▸ **Required work**:
Transcribe exactly the entries from the "Wall Mural - logo" line to the end, both included, minus pictures.
**********
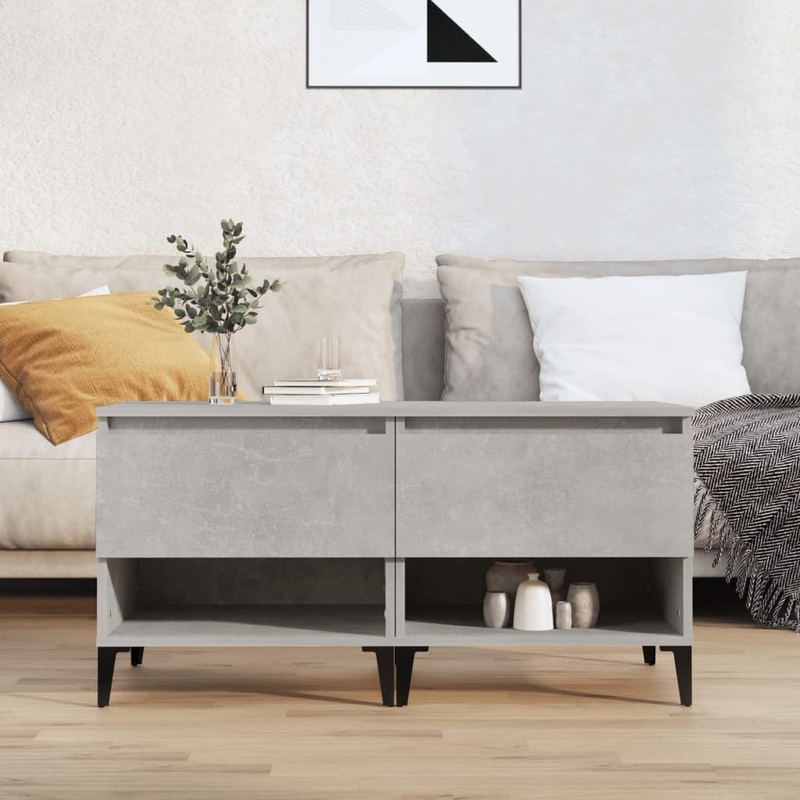 Tables d'appoint 2 pcs Gris bton 50x46x50 cm Bois d'ingnierie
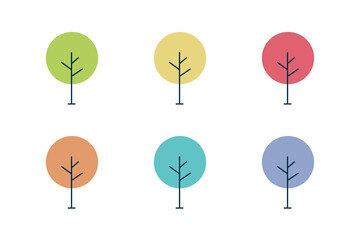 Wall Mural - logo tree with a round crown. different season. vector.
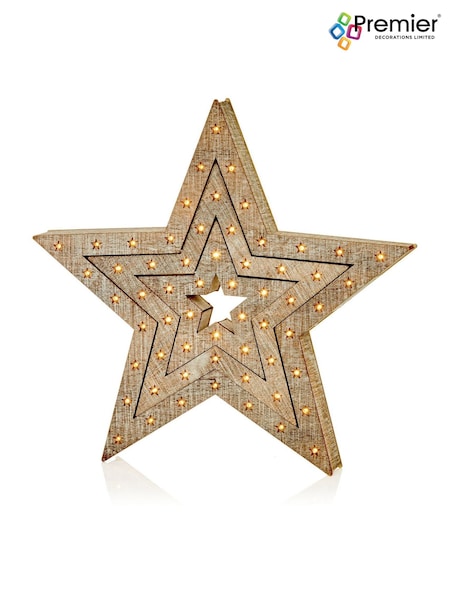 Premier Decorations Ltd Set of 3 Christmas Wood Star with Warm White Lights (AK2031) | £38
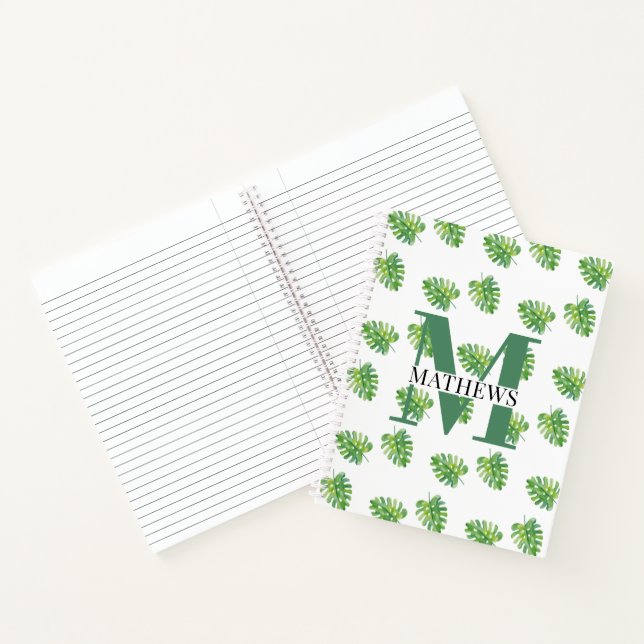 Cuaderno Patrón de Hojas Tropicales Monograma (Interior)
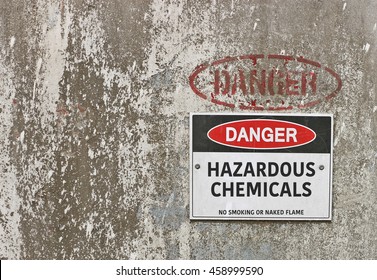 red, black and white Danger, Hazardous Chemicals warning sign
**********
▸ **Output for this exercise**:
 Wall Mural - logo tree with a round crown. different season. vector.
 Premier Decorations Ltd Set of 3 Christmas Wood Star with Warm White Lights (AK2031) | £38
 Cuaderno Patrón de Hojas Tropicales Monograma (Interior)
 red, black and white Danger, Hazardous Chemicals warning sign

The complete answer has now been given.